“WHY NOT? WOMEN GAIN THE RIGHT TO VOTE”
This exhibit commemorates the 100th anniversary of American women winning the right to vote and takes a closer look at what was happening on the local level in Falmouth. Its title comes from a letter Falmouth native Katharine Lee Bates wrote to the Lewiston Journal in 1917. The well-known professor, poet and author of “America the Beautiful” argued:
“Why not? Women are tax-payers, patriots, workers for every national cause,—why not citizens? Women may and do express their opinions freely on public questions, in home and school, from the platform and in the press,–why not through the ballot?”

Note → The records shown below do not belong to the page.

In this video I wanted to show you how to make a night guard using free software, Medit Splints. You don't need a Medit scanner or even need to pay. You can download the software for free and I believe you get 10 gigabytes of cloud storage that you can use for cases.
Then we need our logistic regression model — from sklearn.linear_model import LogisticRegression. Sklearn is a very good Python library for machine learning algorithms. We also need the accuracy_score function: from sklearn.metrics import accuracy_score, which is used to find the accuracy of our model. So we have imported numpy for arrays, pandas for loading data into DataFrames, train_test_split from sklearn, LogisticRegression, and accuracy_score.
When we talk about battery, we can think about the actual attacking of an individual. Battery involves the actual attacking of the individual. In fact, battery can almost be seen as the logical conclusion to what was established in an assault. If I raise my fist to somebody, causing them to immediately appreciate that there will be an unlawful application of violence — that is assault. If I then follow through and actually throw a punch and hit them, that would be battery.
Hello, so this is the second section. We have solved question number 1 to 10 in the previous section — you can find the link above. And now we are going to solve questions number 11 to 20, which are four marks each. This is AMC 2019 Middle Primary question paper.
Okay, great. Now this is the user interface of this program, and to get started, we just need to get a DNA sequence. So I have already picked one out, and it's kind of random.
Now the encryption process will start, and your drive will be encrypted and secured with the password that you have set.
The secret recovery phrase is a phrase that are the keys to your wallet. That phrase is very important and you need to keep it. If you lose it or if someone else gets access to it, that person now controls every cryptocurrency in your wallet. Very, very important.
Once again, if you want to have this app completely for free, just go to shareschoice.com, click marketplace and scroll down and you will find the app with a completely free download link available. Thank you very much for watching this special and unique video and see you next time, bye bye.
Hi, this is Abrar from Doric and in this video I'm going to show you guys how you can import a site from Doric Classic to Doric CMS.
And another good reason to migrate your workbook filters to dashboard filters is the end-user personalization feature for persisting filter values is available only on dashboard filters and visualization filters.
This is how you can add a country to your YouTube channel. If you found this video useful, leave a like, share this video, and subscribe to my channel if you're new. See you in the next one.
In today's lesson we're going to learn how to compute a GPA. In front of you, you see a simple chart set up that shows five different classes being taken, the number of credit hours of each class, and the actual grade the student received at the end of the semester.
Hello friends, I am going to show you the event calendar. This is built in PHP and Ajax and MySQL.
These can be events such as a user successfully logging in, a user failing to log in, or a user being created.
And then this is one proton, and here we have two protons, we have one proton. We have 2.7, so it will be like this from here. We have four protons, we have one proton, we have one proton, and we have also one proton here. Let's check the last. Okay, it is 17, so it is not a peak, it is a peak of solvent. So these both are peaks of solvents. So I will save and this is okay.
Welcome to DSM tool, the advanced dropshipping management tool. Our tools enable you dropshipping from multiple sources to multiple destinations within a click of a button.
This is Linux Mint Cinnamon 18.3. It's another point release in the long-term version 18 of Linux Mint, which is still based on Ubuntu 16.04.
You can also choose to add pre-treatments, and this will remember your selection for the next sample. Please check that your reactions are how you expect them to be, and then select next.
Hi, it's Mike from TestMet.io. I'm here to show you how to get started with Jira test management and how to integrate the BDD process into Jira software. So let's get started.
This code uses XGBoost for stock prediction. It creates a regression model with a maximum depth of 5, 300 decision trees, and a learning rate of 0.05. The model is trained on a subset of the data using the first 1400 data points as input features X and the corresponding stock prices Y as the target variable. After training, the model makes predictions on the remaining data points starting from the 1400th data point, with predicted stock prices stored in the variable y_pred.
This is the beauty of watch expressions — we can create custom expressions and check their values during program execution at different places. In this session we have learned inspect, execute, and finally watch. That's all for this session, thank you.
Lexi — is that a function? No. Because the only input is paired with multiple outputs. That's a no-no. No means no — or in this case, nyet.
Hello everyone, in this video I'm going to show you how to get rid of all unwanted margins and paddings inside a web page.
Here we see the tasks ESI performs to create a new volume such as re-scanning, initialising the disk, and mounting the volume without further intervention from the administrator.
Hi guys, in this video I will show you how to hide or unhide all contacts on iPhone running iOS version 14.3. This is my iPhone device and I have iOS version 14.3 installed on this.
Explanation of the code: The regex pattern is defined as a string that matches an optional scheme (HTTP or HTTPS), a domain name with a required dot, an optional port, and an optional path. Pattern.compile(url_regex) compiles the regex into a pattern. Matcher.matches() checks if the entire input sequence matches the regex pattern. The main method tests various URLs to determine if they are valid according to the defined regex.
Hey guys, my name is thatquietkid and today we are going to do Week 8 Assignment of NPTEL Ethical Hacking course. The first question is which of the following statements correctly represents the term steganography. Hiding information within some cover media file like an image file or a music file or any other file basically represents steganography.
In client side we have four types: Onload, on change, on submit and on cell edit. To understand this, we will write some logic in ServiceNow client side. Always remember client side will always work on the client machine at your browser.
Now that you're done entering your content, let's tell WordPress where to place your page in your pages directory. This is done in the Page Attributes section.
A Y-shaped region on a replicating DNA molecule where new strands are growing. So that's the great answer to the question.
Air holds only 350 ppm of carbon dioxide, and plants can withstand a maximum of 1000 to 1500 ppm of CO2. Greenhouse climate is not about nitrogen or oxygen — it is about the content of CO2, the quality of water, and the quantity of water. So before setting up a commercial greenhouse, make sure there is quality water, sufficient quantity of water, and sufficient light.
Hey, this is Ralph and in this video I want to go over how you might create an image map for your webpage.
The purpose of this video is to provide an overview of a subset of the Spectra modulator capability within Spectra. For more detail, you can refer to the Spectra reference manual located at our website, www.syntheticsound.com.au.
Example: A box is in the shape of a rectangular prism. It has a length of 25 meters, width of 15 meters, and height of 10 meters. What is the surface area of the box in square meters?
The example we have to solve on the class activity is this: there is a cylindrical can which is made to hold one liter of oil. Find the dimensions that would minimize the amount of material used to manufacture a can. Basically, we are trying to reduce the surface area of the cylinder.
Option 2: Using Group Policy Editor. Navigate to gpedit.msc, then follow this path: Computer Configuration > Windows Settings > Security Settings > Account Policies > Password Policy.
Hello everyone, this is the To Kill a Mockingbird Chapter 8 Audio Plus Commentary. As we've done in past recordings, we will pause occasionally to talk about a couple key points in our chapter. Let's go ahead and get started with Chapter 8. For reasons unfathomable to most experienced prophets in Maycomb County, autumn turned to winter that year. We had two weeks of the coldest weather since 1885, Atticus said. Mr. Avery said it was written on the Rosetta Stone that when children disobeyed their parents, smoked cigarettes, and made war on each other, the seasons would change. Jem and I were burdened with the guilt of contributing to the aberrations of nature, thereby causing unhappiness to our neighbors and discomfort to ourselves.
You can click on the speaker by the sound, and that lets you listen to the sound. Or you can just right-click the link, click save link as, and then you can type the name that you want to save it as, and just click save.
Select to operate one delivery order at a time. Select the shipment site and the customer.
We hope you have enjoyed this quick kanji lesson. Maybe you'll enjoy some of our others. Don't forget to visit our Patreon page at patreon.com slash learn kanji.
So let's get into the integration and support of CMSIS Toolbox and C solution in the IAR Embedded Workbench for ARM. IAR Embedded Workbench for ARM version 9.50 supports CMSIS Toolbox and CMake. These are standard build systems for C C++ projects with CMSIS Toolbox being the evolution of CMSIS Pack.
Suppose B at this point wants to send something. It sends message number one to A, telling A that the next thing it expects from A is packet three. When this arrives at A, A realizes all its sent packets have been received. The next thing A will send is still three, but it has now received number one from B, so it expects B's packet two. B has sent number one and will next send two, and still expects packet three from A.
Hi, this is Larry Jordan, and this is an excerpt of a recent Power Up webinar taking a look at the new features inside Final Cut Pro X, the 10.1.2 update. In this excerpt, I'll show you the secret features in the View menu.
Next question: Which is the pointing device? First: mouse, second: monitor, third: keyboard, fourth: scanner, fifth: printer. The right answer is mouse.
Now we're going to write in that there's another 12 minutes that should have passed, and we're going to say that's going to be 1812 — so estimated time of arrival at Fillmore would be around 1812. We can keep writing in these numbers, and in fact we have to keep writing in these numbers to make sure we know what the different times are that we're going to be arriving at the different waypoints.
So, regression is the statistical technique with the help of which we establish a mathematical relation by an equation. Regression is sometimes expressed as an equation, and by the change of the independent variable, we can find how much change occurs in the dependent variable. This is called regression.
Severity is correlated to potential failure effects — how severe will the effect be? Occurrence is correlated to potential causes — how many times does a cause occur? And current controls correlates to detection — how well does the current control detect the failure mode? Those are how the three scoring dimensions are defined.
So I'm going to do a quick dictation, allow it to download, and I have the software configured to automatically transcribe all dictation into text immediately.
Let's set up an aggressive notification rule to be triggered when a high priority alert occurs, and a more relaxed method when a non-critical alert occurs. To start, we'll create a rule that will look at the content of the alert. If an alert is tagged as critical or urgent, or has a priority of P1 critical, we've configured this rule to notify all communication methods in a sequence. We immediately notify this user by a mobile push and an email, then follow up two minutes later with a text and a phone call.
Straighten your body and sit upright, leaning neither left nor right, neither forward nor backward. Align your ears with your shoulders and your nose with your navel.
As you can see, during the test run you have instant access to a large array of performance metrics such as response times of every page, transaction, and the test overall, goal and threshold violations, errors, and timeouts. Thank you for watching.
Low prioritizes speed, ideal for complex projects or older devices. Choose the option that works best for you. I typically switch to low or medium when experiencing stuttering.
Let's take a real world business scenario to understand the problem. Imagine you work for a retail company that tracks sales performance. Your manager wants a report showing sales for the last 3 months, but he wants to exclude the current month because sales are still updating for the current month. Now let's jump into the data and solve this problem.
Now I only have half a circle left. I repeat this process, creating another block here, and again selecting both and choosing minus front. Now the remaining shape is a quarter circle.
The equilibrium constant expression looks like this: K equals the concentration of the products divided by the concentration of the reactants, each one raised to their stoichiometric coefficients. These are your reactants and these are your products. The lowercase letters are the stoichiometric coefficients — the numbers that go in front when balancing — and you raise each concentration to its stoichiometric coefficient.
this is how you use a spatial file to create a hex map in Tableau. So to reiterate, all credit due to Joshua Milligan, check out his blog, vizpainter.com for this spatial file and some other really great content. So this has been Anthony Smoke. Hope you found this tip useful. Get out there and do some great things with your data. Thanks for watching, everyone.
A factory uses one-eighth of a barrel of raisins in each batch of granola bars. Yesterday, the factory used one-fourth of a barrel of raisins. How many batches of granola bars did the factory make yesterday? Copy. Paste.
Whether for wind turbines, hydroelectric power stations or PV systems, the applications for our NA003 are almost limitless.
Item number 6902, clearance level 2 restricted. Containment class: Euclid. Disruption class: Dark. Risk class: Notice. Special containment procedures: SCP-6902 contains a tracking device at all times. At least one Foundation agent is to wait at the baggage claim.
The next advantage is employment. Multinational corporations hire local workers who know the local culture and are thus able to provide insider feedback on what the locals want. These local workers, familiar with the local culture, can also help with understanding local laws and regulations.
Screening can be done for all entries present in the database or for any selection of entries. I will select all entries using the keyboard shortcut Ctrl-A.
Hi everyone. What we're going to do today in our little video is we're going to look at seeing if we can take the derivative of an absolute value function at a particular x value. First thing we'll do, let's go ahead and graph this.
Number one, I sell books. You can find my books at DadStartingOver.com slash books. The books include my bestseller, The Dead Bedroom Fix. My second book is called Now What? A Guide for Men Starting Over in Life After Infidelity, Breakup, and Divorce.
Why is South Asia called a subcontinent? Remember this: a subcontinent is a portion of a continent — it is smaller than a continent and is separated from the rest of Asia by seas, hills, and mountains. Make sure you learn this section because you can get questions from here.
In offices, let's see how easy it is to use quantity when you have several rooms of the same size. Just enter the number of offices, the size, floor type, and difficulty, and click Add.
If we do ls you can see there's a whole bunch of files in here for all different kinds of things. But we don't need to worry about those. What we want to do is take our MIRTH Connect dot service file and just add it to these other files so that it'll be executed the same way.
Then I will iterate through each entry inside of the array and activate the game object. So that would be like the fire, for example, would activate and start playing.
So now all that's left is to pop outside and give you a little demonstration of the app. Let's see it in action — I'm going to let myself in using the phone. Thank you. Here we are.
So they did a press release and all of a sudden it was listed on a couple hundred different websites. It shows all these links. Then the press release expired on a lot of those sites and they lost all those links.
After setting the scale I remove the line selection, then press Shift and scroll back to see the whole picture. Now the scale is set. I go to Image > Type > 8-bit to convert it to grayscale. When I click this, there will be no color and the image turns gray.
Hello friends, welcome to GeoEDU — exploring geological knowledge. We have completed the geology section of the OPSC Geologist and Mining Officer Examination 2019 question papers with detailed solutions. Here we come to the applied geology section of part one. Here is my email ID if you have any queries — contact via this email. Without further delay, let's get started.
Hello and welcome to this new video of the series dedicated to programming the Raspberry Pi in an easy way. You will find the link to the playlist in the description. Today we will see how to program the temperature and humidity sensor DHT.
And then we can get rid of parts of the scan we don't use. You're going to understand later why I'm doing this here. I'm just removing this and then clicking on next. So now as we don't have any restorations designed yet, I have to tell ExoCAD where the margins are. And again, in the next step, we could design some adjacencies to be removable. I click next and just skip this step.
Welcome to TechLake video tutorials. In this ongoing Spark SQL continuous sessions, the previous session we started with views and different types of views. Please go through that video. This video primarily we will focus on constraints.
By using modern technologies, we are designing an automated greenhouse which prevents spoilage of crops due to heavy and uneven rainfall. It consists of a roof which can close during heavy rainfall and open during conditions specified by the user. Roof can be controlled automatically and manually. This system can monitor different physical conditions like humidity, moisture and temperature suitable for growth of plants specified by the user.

The exhibit features a timeline of Falmouth suffrage and photos and memorabilia of outstanding local women who played a role in the movement. Women like Sylvia Donaldson, the first woman elected to the Massachusetts state legislature in 1923. She was born and buried in Falmouth. Mary (Dodd) Craig, Helen (Stone) Howland, Nellie (Powers) Burgess, Lena (Slawson) Drew and Zoulyne (Swindell) Milligan were also part of the pro-suffrage contingent.
Political cartoons and arguments for and against suffrage spark the debate and reveal some surprises. Mrs. Maisie (David) Weeks (1875-1946) owned a successful shop on Main Street for decades and employed several women there. Yet, from 1913-1915, the pioneering businesswoman is listed as the Falmouth contact person for the Massachusetts Association Opposed to the Further Extension of Suffrage to Women.
2020 WOMEN’S SUFFRAGE COMMEMORATION PROGRAMMING
“Gaining the Vote: The Road to Women’s Suffrage” Virtual Series
August 2020 marks the centennial of the passage of the Nineteenth Amendment to the U.S. Constitution, guaranteeing American women the right to vote. The Museums on the Green has been awarded a Discussion Grant from Mass Humanities/the National Endowment for the Humanities to support “Gaining the Vote: The Road to Women’s Suffrage,” a series of virtual talks and performances highlighting the long road to women’s suffrage. We’ll feature upcoming programs in our Calendar as they become available.
Mabel (Channing) Robinson
In 1914, Mabel (Channing) Robinson read a paper in favor of women’s suffrage at St. Barnabas Church in Falmouth. The Enterprise reported that the discussion was quite animated and that most in attendance were not in favor of suffrage. Born in New Bedford c1873, Mabel retired to Falmouth after a career on the stage. She appeared on Broadway in “A Runaway Girl,” and in the London production of “The Belle of New York” (1898). She was remembered mostly for her dancing; friends called her “Twinkletoes.” Near the end of her life, the Enterprise published this interview with her.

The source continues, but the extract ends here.